I think that what you describe is actually normal.

I built into this version two alternate scoring approaches. Both use the raw output from the interpretMSSpectrum::findmain() function, but how the output are ranked may differ between the two. The two sets of results are here:

> RC$M.findmain[7]
[1] 754.3322
> RC$M.ramclustr[7]
[1] 160.125

This is an example from a spectrum where the two scoring formulas generated different results. By default i was using the ramclustr score when they differed. This was a decision made largely on results i saw from my instrument and conditions. you can see a record of which scoring method is used to select the 'best' match by looking at the RC$use.findmain slot. Every value which is listed as TRUE is using the findmain scoring best match, while every value that is FALSE is using the ramclustr version.

This may explain why you are seeing what you see. i.e. the precursor mass being exported is correct. In the case from the example listed above:

> RC$use.findmain[7]
[1] TRUE
> RC$precursor.mz[7]
[1] 777.3206
> RC$precursor.type[7]
[1] "[M+Na]+"

if i look at a compound where the best ranked findmain output agree:


> cmpd <- 5;  RC$M.findmain[cmpd]; RC$M.ramclustr[cmpd]
[1] 983.4735
[1] 983.4735
> RC$use.findmain[cmpd]
[1] FALSE
> RC$precursor.mz[cmpd]
[1] 1006.451
> RC$precursor.type[cmpd]
[1] "[M+Na]+"

Does this clarify things, or are your ramclust objects still inconsistent with the MSP output?

cbroeckl commented 1 year ago

forgot to add: you can use interpretMSSpectrum scoring by defualt by setting the option, scoring = 'imss'

Slycopersicum commented 1 year ago

I think now I understand, sorry I am relatively new to metabolomics. Also, mse data it isn’t easy to work with, I only found Msdial in additional to ramclustr. I have a question about the intensity signal, if it references to precursor or to the group of ms1 in that compound. And finally, there is a way to export the data to GNPS. Thank you

cbroeckl commented 1 year ago

Looks like we would need an MGF or mzML export. i will have to look into this more. @hechth - any experience writing these out?

hechth commented 1 year ago

Looks like we would need an MGF or mzML export. i will have to look into this more. @hechth - any experience writing these out?

You can convert the file into mgf using matchms. The conversion tool is also hosted on UMSA Galaxy ->matchms convert. Hope this should help you use the spectra in GNPS. Please let me know if this works for you!

hechth commented 1 year ago

@Slycopersicum did you figure out how to do the conversion?
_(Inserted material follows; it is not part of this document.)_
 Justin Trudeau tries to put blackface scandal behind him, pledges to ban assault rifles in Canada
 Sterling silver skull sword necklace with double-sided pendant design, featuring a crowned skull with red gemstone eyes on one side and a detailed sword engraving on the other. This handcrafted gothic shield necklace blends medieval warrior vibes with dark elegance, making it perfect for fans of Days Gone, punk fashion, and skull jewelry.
You can use this tool https://umsa.cerit-sc.cz/root?tool_id=toolshed.g2.bx.psu.edu/repos/recetox/matchms_convert/matchms_convert/0.20.0+galaxy0

Slycopersicum commented 1 year ago

Sorry I didn’t answer before. Yes, the tool works perfectly. However, I notice that the version of 1.3 differ from the version 1.2.4 in order to work with xcms. I mean in the previous version you could preprocess ms1 and ms2 with the same mzML file and after calling the ramclustr function like: rc<- ramclustR(xcmsObj = xdata, ExpDes = experiment, taglocation = "pheno", MStag = info$sample_names, idMSMStag = info$sample_names) In the new version, this fall to an error, calling the different between ms and msms files. I think the problem in the grep but and now sure. Thanks for your time

hechth commented 1 year ago

@Slycopersicum can you describe this maybe in a bit more detail? This seems an unintended side effect and we will try to fix that.

By the way you can also use RAMClustR on Galaxy together with XCMS.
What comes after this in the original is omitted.